What is expected: The copy must hold every line from the one with "Hello, I'm Helen" through the end of the listing, word for word, and must hold no pictures.

Data section:
━━━━━━━━━━━━━━━━

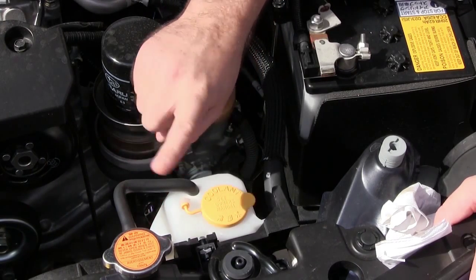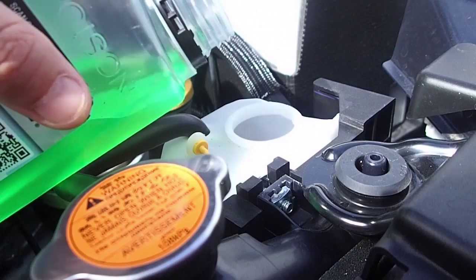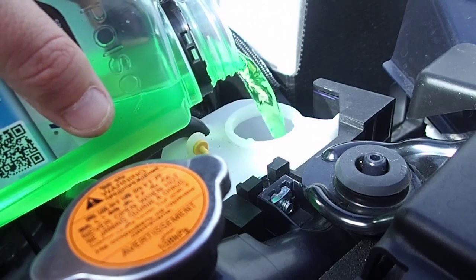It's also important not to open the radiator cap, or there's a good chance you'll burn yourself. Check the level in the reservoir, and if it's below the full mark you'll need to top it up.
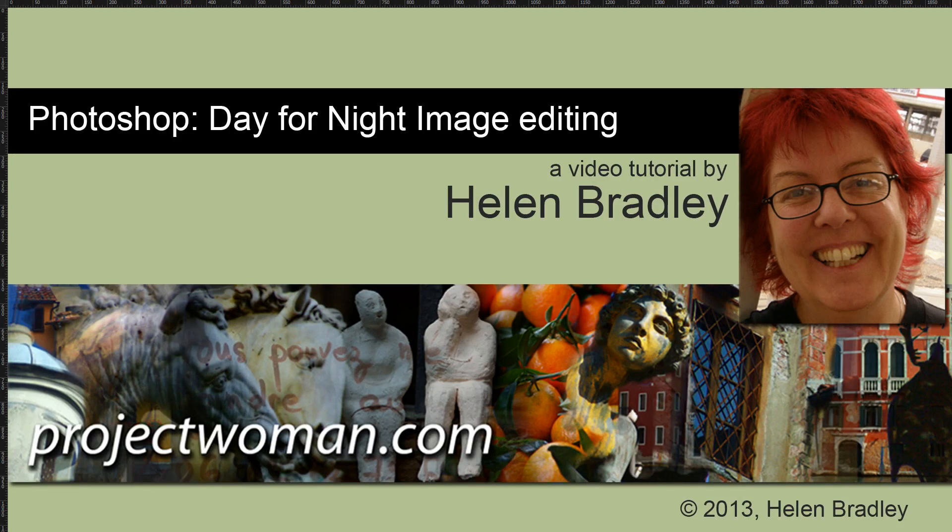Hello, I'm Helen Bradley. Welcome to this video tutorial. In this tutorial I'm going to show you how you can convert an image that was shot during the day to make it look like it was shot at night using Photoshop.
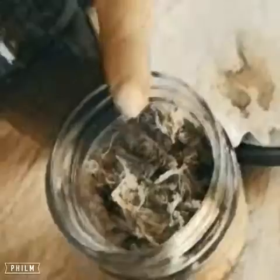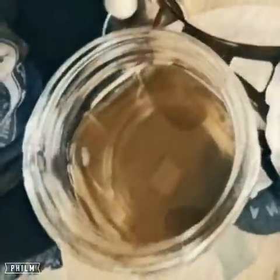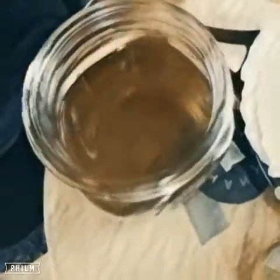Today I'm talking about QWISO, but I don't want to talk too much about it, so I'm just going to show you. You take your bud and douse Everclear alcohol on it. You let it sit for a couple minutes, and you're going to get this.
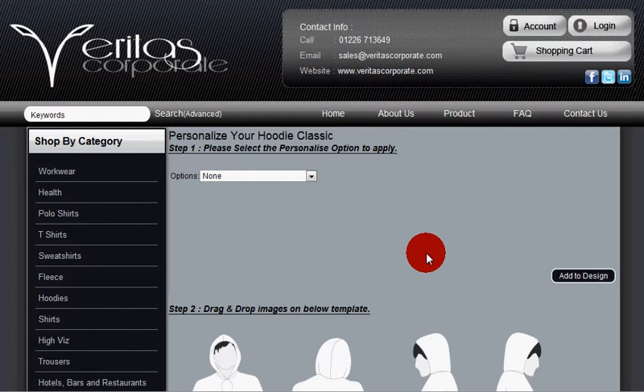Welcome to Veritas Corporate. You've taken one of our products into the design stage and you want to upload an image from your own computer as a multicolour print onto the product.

━━━━━━━━━━━━━━━━

Answer to the problem:
Hello, I'm Helen Bradley. Welcome to this video tutorial. In this tutorial I'm going to show you how you can convert an image that was shot during the day to make it look like it was shot at night using Photoshop.
Today I'm talking about QWISO, but I don't want to talk too much about it, so I'm just going to show you. You take your bud and douse Everclear alcohol on it. You let it sit for a couple minutes, and you're going to get this.
Welcome to Veritas Corporate. You've taken one of our products into the design stage and you want to upload an image from your own computer as a multicolour print onto the product.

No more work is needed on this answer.